Exactly as they stand, copy the lines from the one containing "Street map section around the address" to the final line of the data; leave out the pictures.

__Collected data__:
◇ ◇ ◇
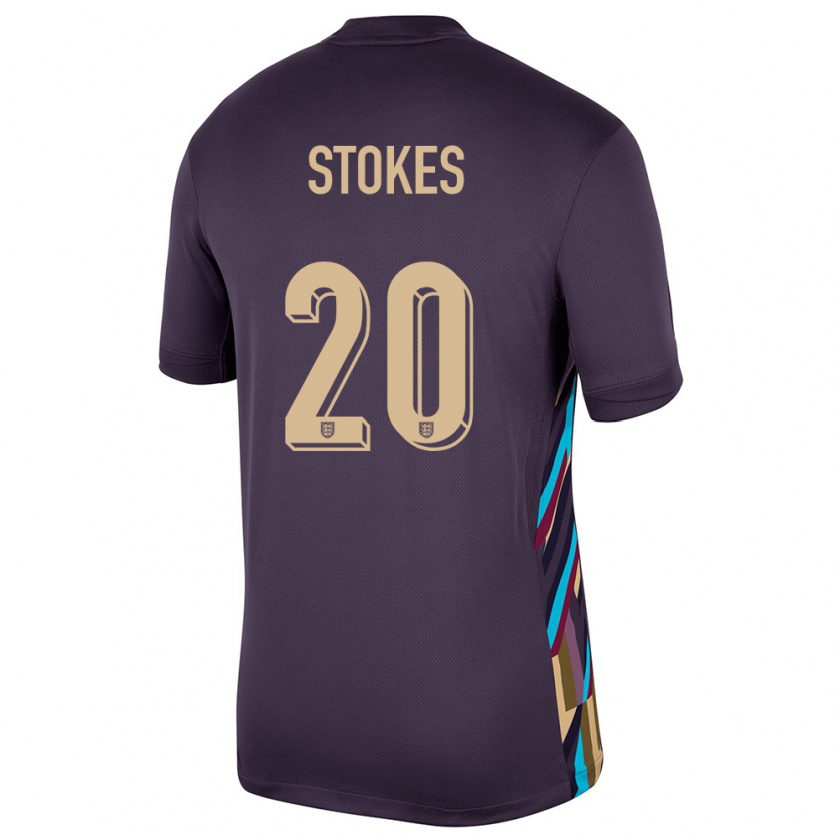 Kandiny Herren England Demi Stokes #20 Dunkle Rosine Auswärtstrikot Trikot 24-26 T-Shirt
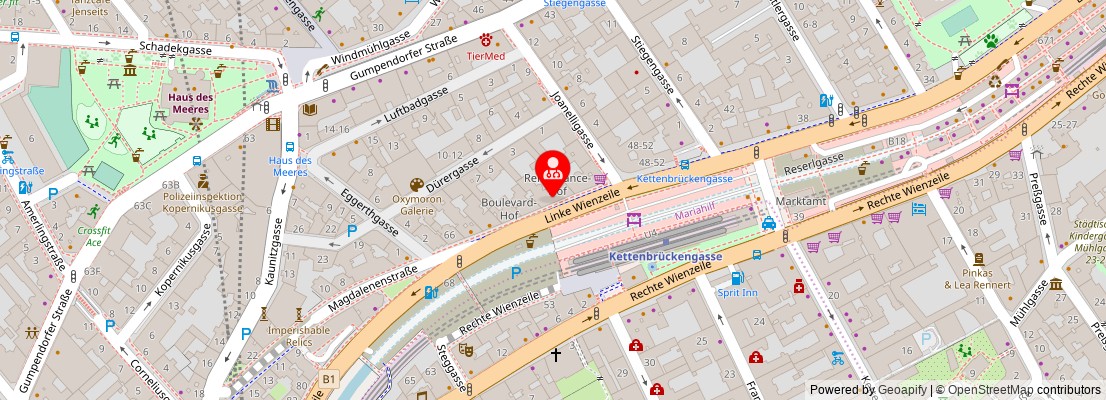 Street map section around the address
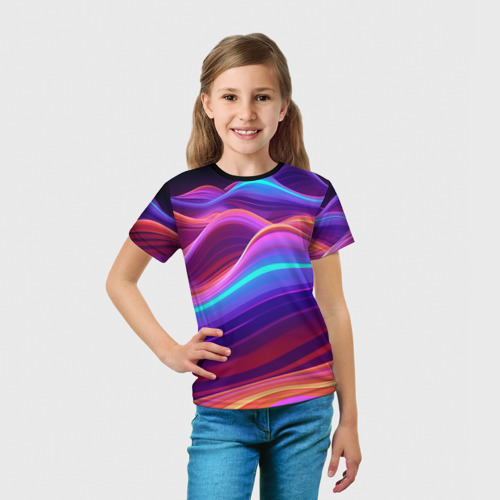 Детская футболка 3D с принтом Волны из неона, вид сбоку #3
◇ ◇ ◇
__Answer to this exercise__:
 Street map section around the address
 Детская футболка 3D с принтом Волны из неона, вид сбоку #3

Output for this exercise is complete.